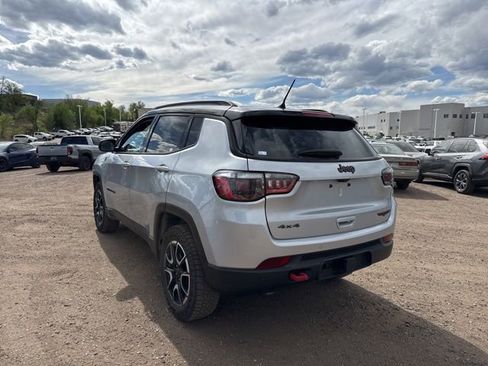 Used 2025 Jeep Compass Trailhawk w/ Trailer Tow Group image 3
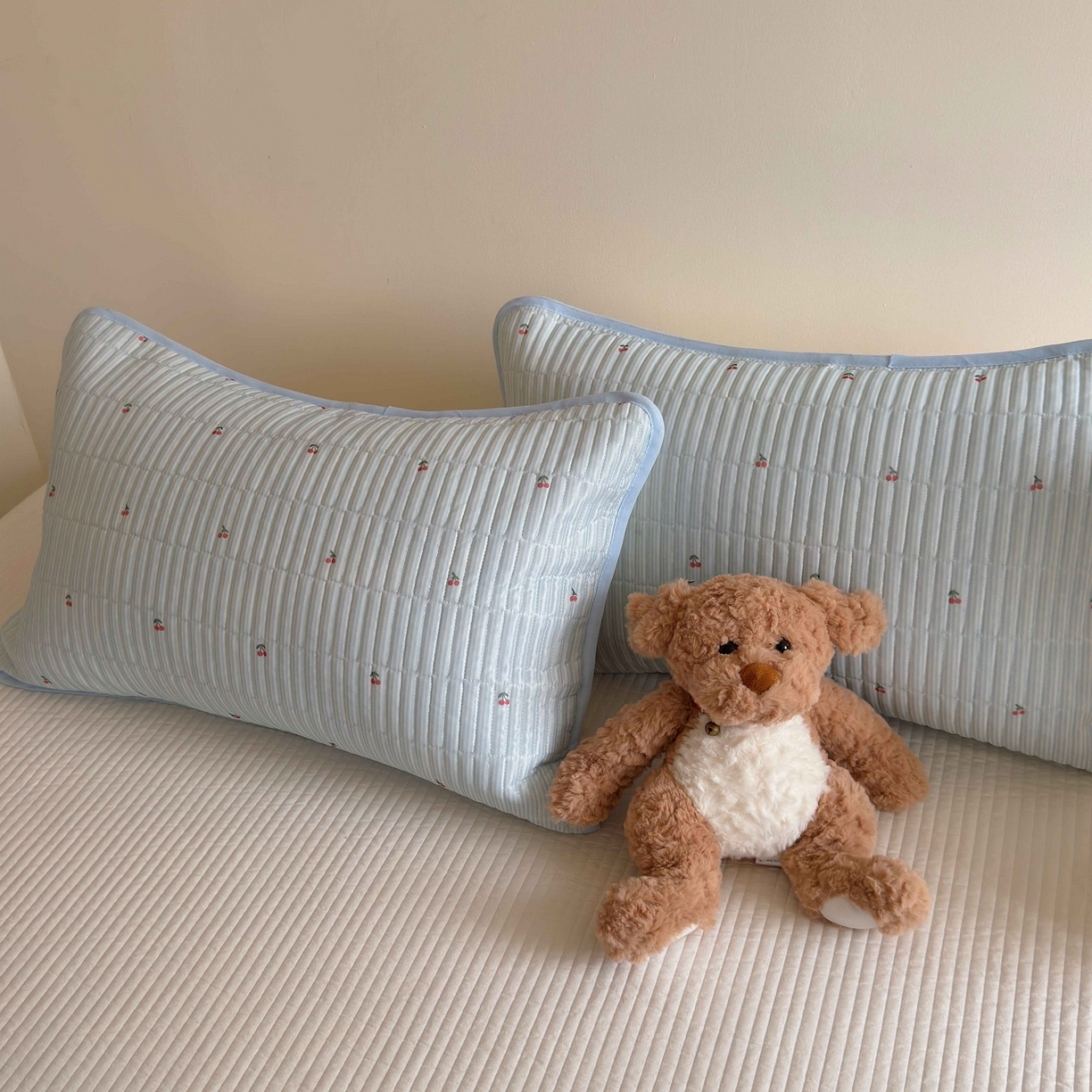 91家纺网 家纺一手货源 找家纺 美乐迪家纺 2026春夏新款水光冰丝床盖夏被夏凉被空调被四件套 樱桃蓝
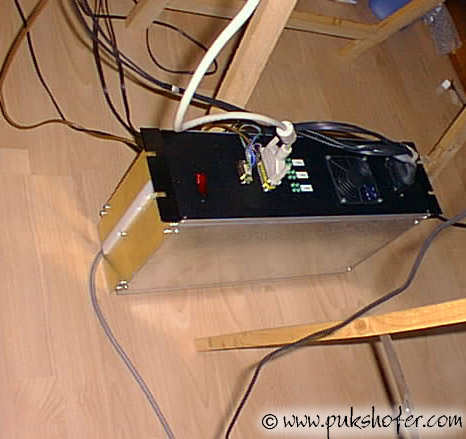 Endstufe1.jpg (59855 bytes)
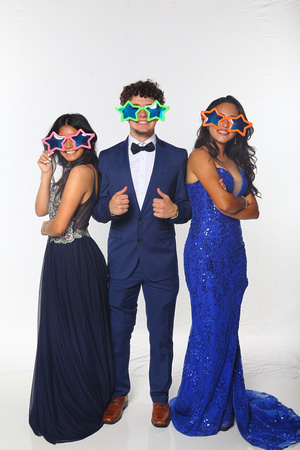 St. Pete High Prom 2023 White Backdrop A by Firefly Event Photography (444)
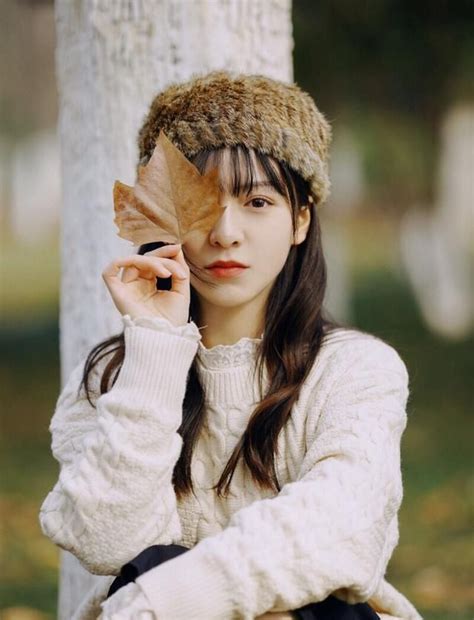温柔头像拍摄姿势女生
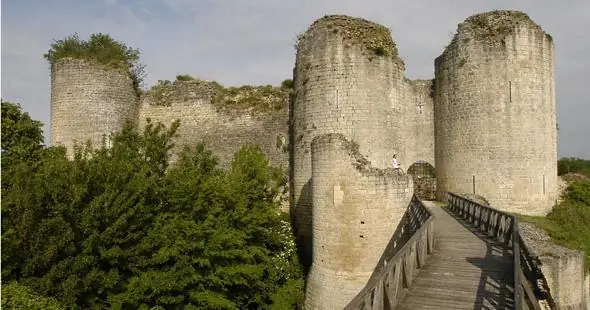Château médiéval de Gençay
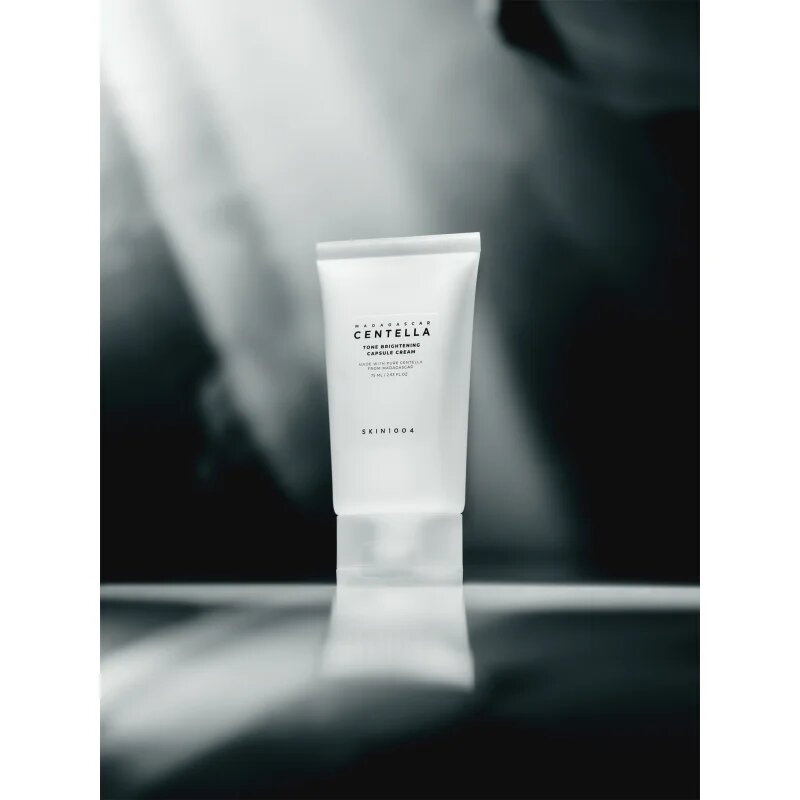 SKIN1004 Madagascar Centella Tone Brightening Capsule Cream revitalizáló és élénkitő krém nyugtató hatással 75 ml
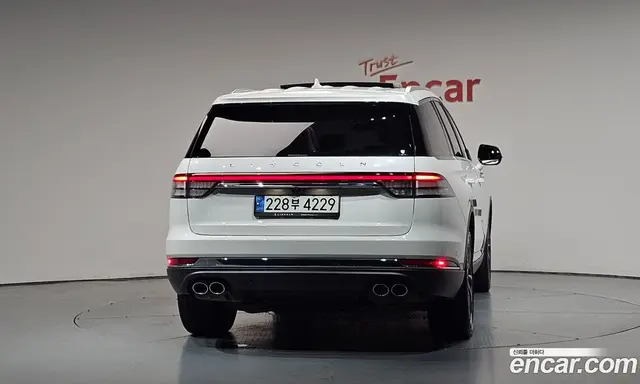 Lincoln Aviator 2021 3.0 автомат (гидро), миниатюра 3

### Task item
Apart from the pictures, repeat every entry exactly.

### Answer for this exercise
 Used 2025 Jeep Compass Trailhawk w/ Trailer Tow Group image 3
 91家纺网 家纺一手货源 找家纺 美乐迪家纺 2026春夏新款水光冰丝床盖夏被夏凉被空调被四件套 樱桃蓝
 Endstufe1.jpg (59855 bytes)
 St. Pete High Prom 2023 White Backdrop A by Firefly Event Photography (444)
温柔头像拍摄姿势女生
Château médiéval de Gençay
 SKIN1004 Madagascar Centella Tone Brightening Capsule Cream revitalizáló és élénkitő krém nyugtató hatással 75 ml
 Lincoln Aviator 2021 3.0 автомат (гидро), миниатюра 3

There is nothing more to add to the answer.